** Opening Task material block **

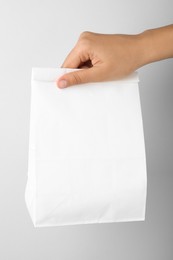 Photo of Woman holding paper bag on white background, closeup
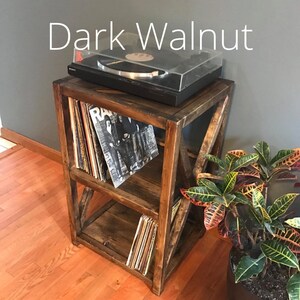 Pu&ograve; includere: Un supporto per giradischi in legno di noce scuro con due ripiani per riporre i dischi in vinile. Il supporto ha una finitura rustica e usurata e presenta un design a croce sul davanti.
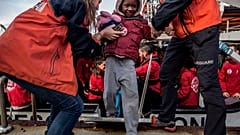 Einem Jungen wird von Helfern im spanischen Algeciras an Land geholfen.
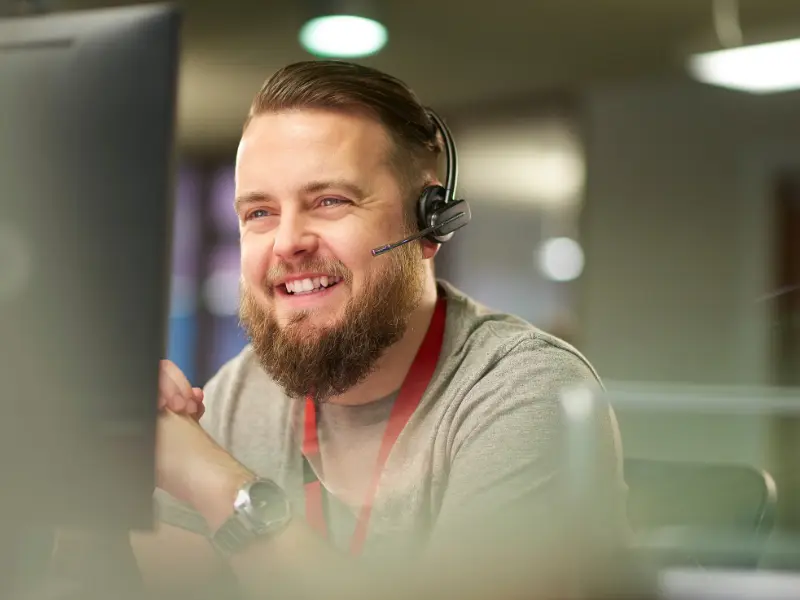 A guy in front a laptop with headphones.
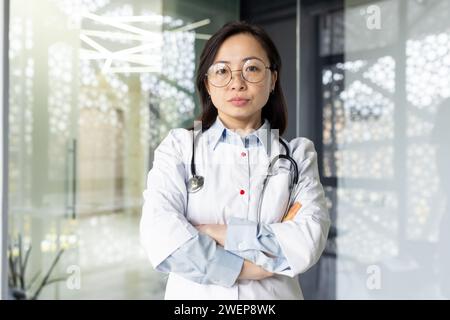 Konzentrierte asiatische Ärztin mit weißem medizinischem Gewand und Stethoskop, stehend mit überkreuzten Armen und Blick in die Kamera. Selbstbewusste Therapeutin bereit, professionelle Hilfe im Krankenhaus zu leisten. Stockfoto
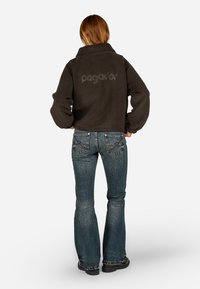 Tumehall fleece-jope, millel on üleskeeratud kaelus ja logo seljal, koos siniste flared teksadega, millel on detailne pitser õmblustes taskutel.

** Closing Task material block **
** Opening Task material block **

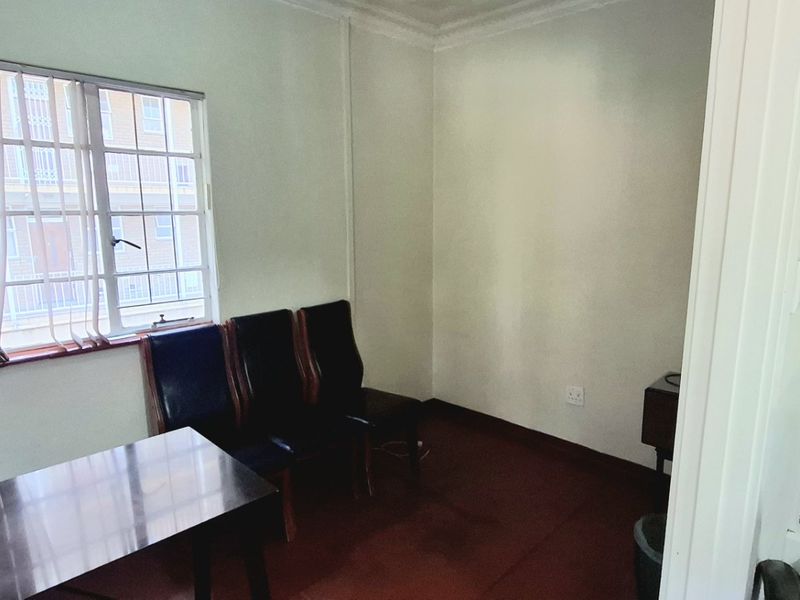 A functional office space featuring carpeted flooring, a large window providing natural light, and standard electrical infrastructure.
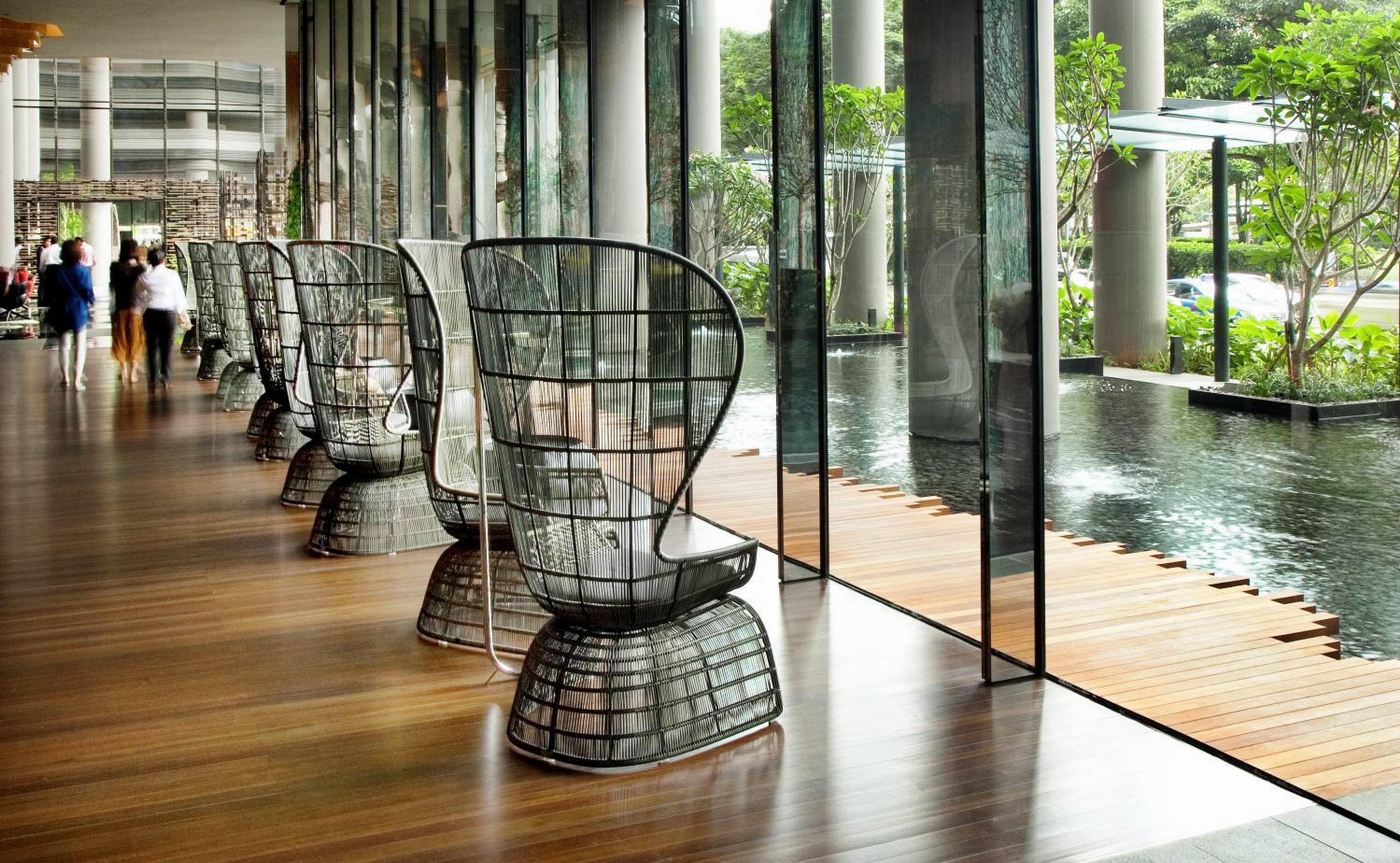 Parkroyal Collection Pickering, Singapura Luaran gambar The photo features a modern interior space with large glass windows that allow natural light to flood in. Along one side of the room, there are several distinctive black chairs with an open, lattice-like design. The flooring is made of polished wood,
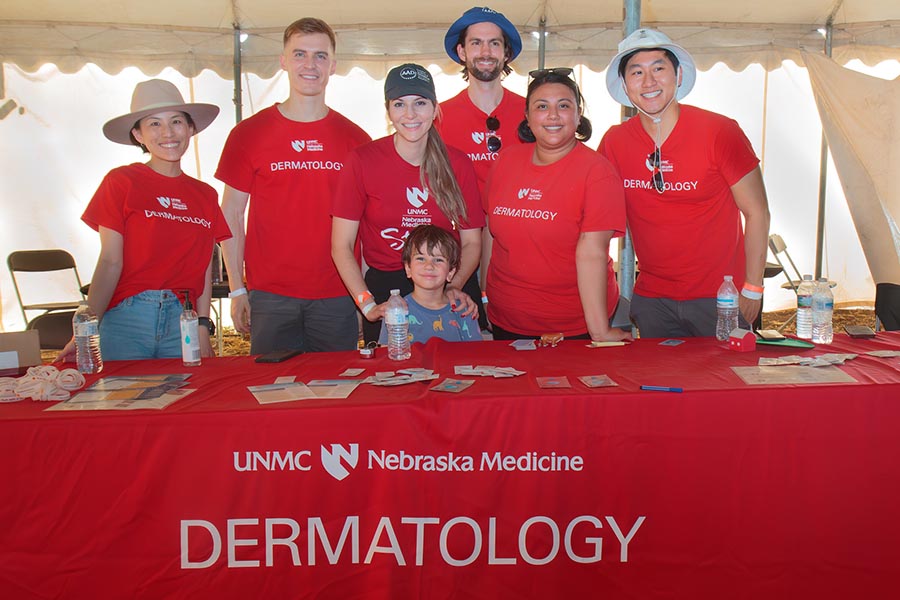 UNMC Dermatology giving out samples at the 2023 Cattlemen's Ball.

** Closing Task material block **

Above are the records. Copy word for word only their lines from the one holding "Parkroyal Collection Pickering, Singapura" through the one holding "UNMC Dermatology giving", both included, and skip the images.

 Parkroyal Collection Pickering, Singapura Luaran gambar The photo features a modern interior space with large glass windows that allow natural light to flood in. Along one side of the room, there are several distinctive black chairs with an open, lattice-like design. The flooring is made of polished wood,
 UNMC Dermatology giving out samples at the 2023 Cattlemen's Ball.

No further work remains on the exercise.